WORK TO COMPLETE ▸
What you return should match the data below exactly, with no pictures in it.

DATA BLOCK ▸
_ _ _ _ _ _ _

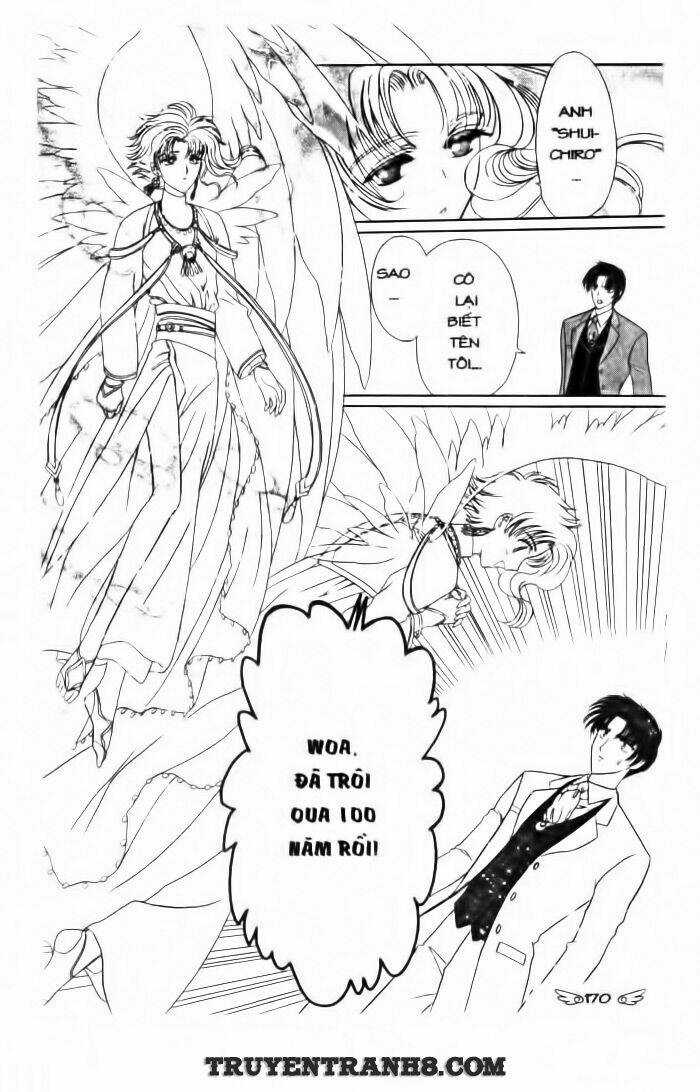 Ước Nguyện - Wish - Clamp Chapter 24 trang 38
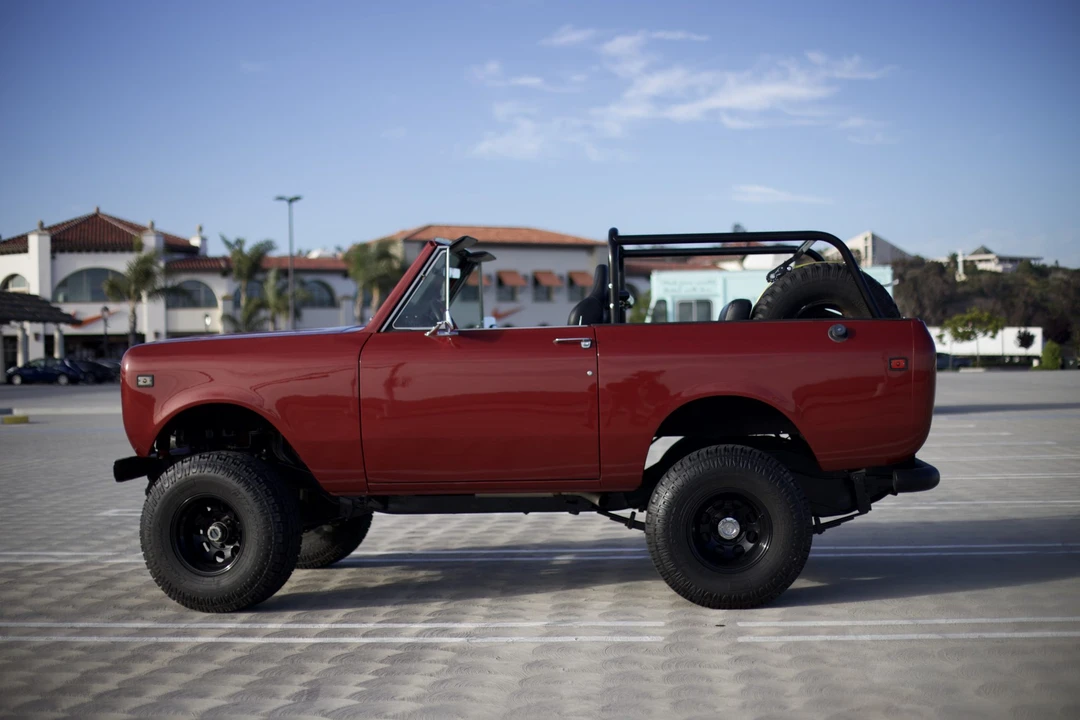1975 International Harvester Scout - Image 11 of 31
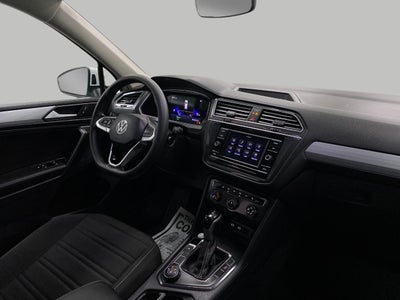 2023 Volkswagen Tiguan 2.0T S 4MOTION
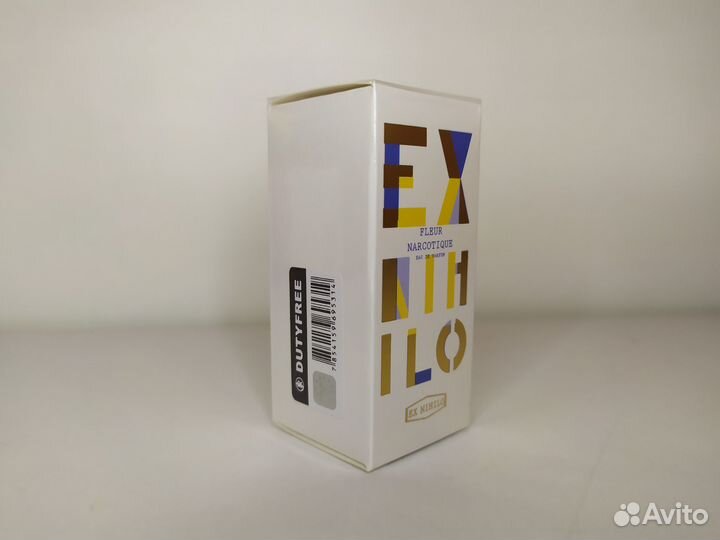 Ex Nihilo Fleur Narcotique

_ _ _ _ _ _ _

EXPECTED OUTPUT ▸
 Ước Nguyện - Wish - Clamp Chapter 24 trang 38
1975 International Harvester Scout - Image 11 of 31
 2023 Volkswagen Tiguan 2.0T S 4MOTION
 Ex Nihilo Fleur Narcotique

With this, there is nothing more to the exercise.